En 1837, le mathématicien britannique Charles Babbage (1791-1871) définit une machine à calculer programmable par cartes perforées qui est l’ancêtre mécanique des ordinateurs. De telles cartes étaient encore utilisées par les ordinateurs IBM des entreprises dans les années 1980. Sa machine est tellement complexe qu'elle n’a pas encore été construite en date d'aujourd'hui. C’est pour programmer cette machine qu'Ada Lovelace (1815-1852) conçoit des algorithmes faisant officiellement d’elle le premier programmeur de l’histoire.

En 1866, l'économiste et logicien britannique William Stanley Jevons (1835-1882) construit une machine mécanique qu'on a appelée le « piano logique » et qui calcule les tables de vérité des opérations de l'algèbre de Boole.
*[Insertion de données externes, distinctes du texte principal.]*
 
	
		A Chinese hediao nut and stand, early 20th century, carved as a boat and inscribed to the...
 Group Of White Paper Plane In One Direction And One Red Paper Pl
En 1887, le professeur de logique de Princeton, Allan Marquand (1853-1924) en développe une autre mécanique mais un peu plus complète que celle de Jevons qu'on a appelée la « machine logique » puis conçoit les circuits électriques pour une autre.

A cette époque, on savait qu'Euclide avait posé des hypothèses qui n'étaient pas déduites des axiomes étant donné qu'il se fiait à ce que le lecteur savait ce qu'était un point et une une droite. Ça a fait que ses axiomes et les déductions qu'il en faisait n'étaient pas complètes ni complètement cohérentes. Le mathématicien allemand David Hilbert (1862-1943) a donc repris toute la géométrie d'Euclide pour les éliminer. Pour ce faire, il a utilisé des axiomes dont les termes n'ont pas de signification et ne définissent que des relations entre ces termes. Les mathématiques devenaient très abstraites car on pouvait remplacer les termes point, droite et cercle par n'importe quel autre mot comme cheval, justice et carnaval.
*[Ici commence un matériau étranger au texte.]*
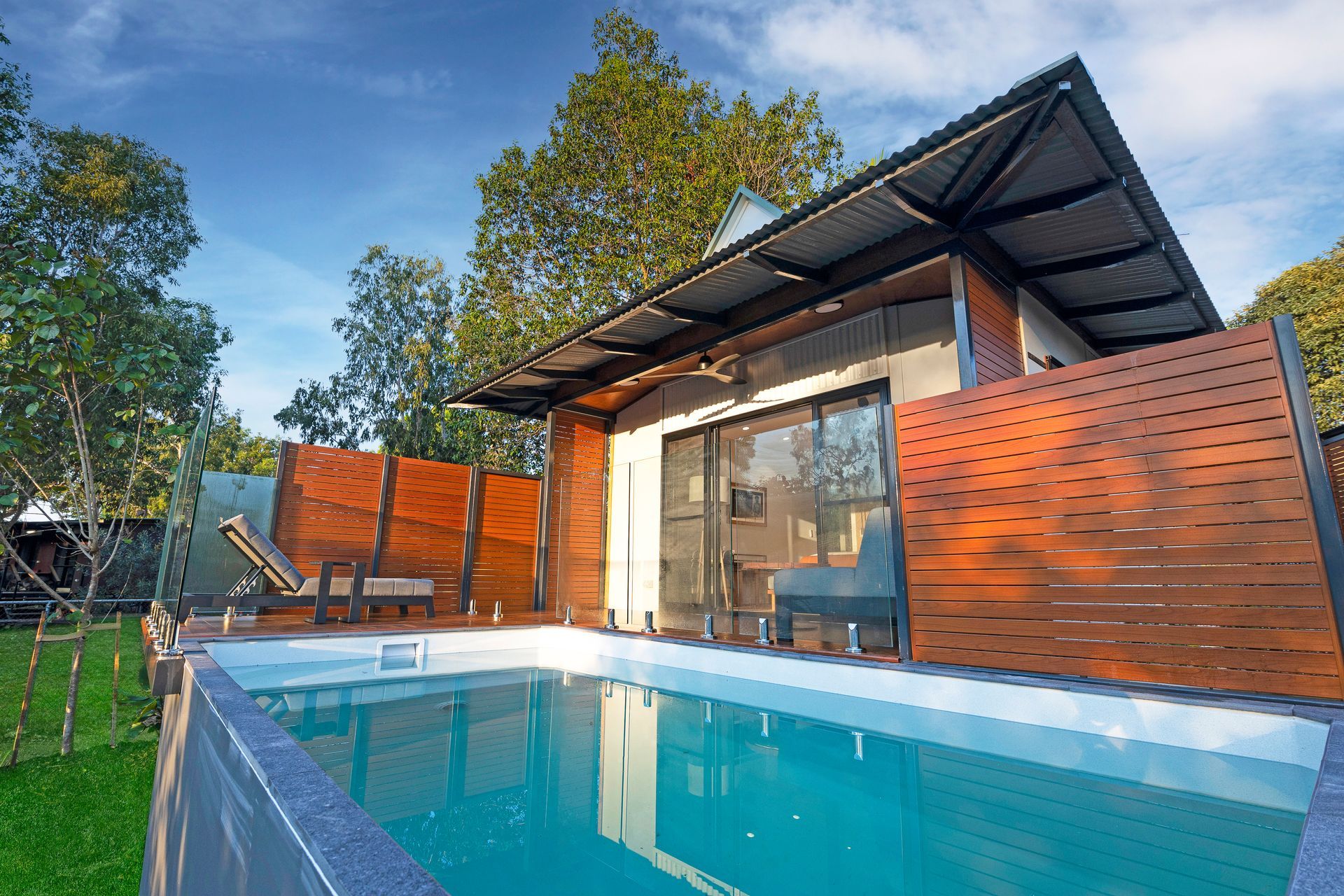 A small house with a swimming pool in front of it.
• A l'aube du XXème siècle,

un petit groupe de mathématiciens dont Hilbert va se poser de sérieuses questions sur le fondement des mathématiques car, depuis la théorie des ensembles développée dans les années 1870 par le mathématicien allemand Georg Cantor (1845-1918) et avec la diversification des théories mathématiques, les approches traditionnelles n'arrivent pas à résoudre les paradoxes générés par ces nouvelles théories.
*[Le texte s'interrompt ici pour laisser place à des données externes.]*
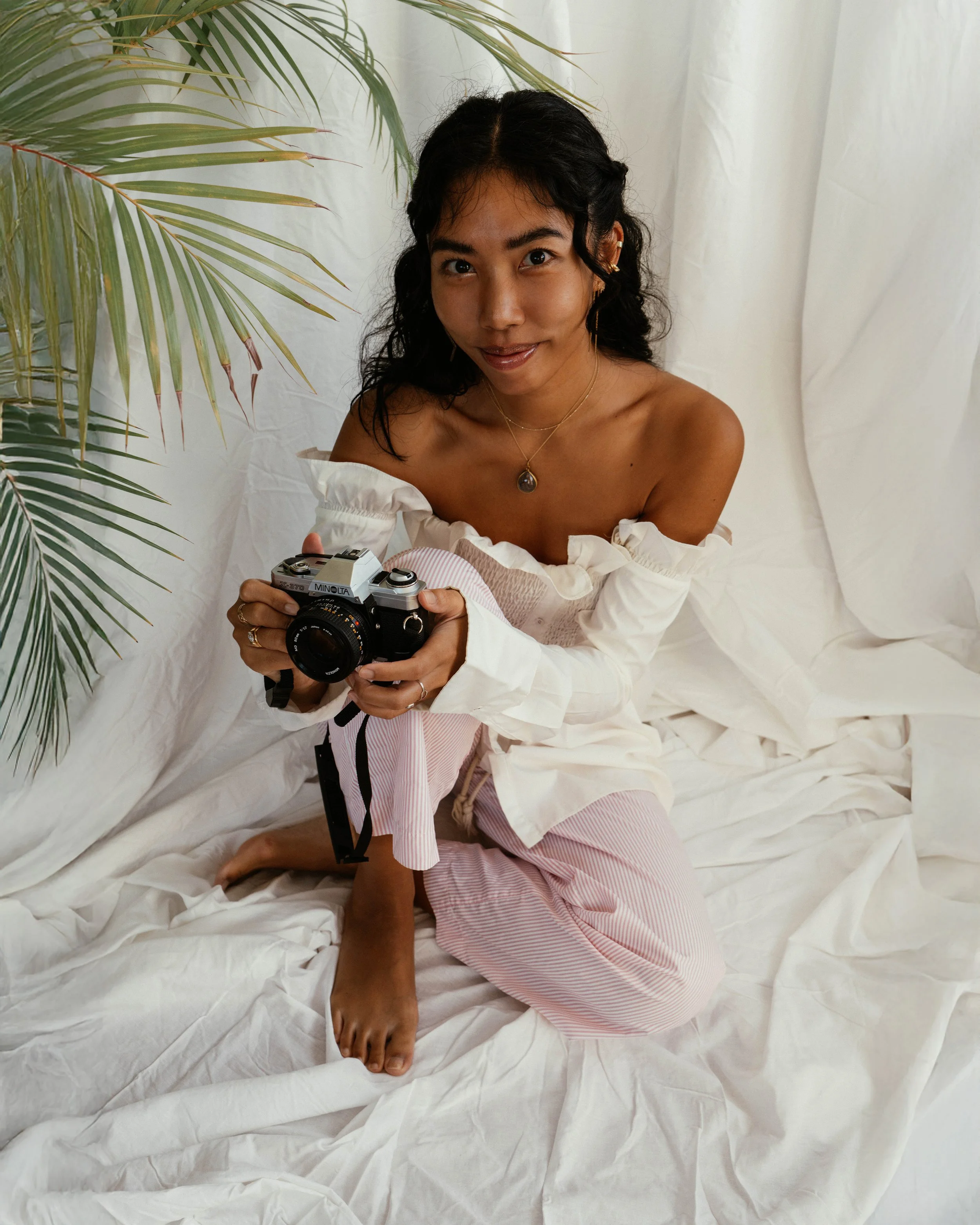 Portrait of Sharena, a Copenhagen-based photographer specialising in travel, lifestyle, fashion, couples, wedding, engagement, proposals, and editorial photography, captured in natural light with a calm, cinematic aesthetic.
Pour répondre à ces problèmes, ces mathématiciens vont favoriser l'approche axiomatique d'Euclide et l'utilisation d'une logique mathématique plus rigoureuse comme celle de Boole, pour démontrer les théorèmes. Parmi eux, le philosophe et mathématicien britannique Bertrand Russell (1872-1970) publie avec Alfred N. Whitehead « Principia Mathematica » qui propose, dans les années 1910, un fondement plus rigoureux de l'ensemble des théories mathématiques en modernisant l'axiomatique ainsi que la logique basée sur l'approche de Frege.

Notes :

1. Un axiome (qu'Euclide appelait postulat) est un énoncé qu'on considère vrai par évidence et dont on n'apporte pas la preuve. Par exemple : « Par deux points, passe seulement une droite. »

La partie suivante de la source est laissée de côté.